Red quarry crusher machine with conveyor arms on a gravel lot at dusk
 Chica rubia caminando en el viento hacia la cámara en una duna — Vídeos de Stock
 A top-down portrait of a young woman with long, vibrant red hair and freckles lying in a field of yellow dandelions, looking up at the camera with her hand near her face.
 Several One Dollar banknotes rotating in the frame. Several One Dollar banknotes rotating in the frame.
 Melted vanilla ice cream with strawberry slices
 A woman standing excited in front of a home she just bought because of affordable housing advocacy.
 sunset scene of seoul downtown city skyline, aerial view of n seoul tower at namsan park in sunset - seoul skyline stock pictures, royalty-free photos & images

## Exercise goal
Which lines in the records above contain the word "with"? Copy each one.

## Answer to the exercise
Red quarry crusher machine with conveyor arms on a gravel lot at dusk
 A top-down portrait of a young woman with long, vibrant red hair and freckles lying in a field of yellow dandelions, looking up at the camera with her hand near her face.
 Melted vanilla ice cream with strawberry slices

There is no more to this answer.